(Pictures with short captions)
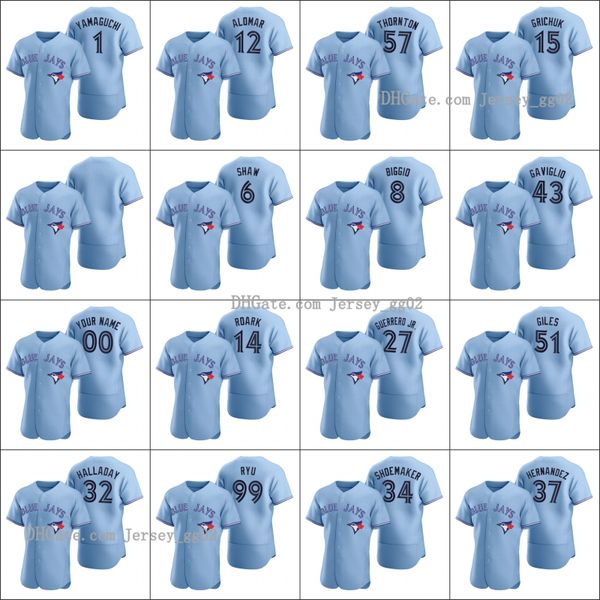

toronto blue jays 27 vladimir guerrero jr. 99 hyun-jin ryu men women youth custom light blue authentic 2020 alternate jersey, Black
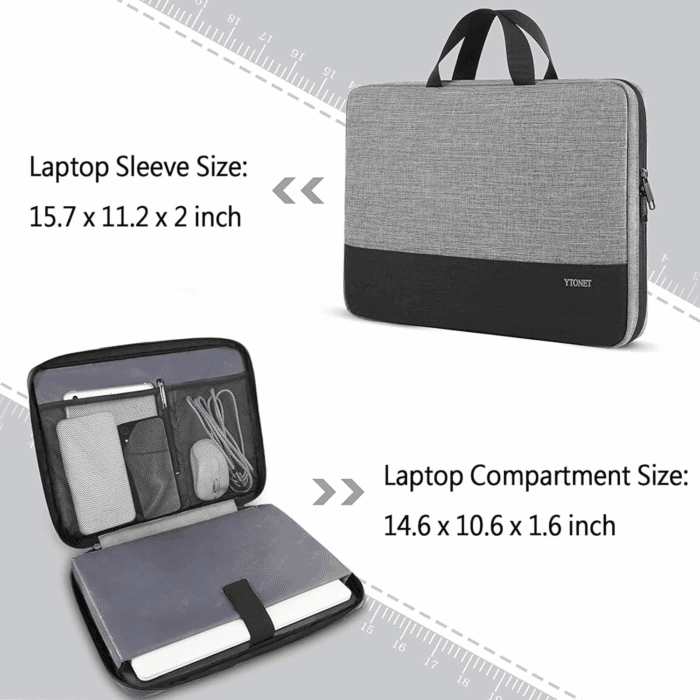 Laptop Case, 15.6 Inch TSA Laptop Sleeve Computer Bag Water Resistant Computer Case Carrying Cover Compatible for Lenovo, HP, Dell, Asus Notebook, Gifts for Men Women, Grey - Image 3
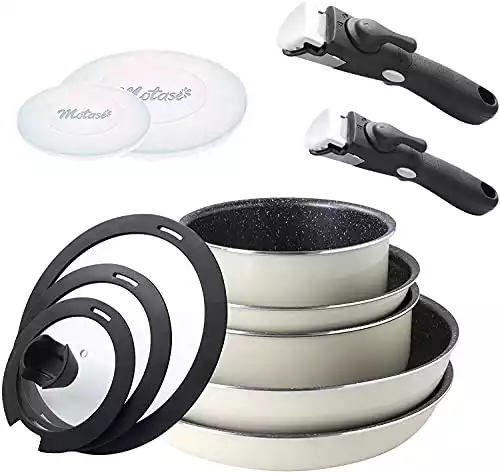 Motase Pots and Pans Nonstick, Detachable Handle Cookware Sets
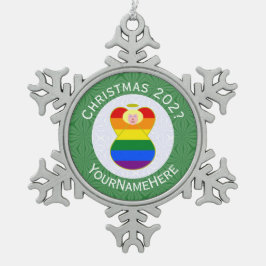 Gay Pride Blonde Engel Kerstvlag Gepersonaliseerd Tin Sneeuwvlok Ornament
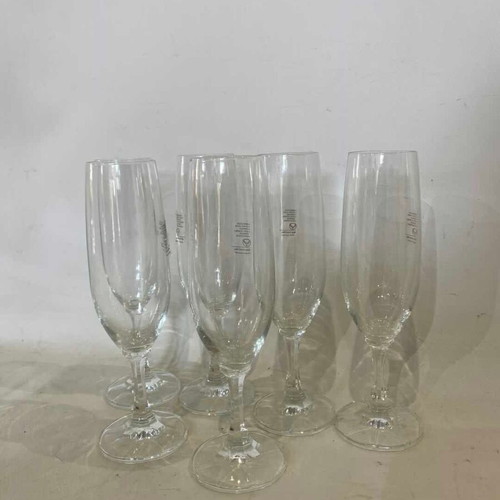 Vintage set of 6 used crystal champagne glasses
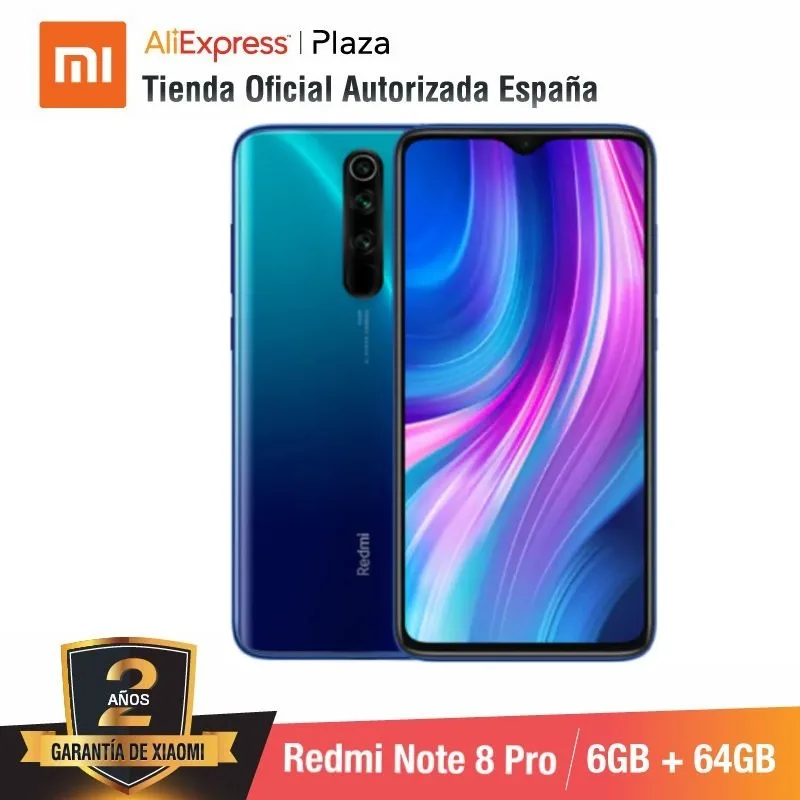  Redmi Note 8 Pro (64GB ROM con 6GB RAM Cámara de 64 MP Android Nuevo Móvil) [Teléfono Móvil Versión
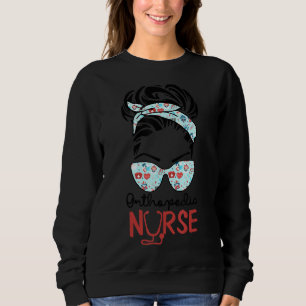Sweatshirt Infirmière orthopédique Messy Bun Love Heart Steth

* What you have to do
Word for word, copy the lines from the one with "Motase Pots and" through the end of the entries above, and do not include any picture.

* Answer to this problem
 Motase Pots and Pans Nonstick, Detachable Handle Cookware Sets
 Gay Pride Blonde Engel Kerstvlag Gepersonaliseerd Tin Sneeuwvlok Ornament
 Vintage set of 6 used crystal champagne glasses
  Redmi Note 8 Pro (64GB ROM con 6GB RAM Cámara de 64 MP Android Nuevo Móvil) [Teléfono Móvil Versión
Sweatshirt Infirmière orthopédique Messy Bun Love Heart Steth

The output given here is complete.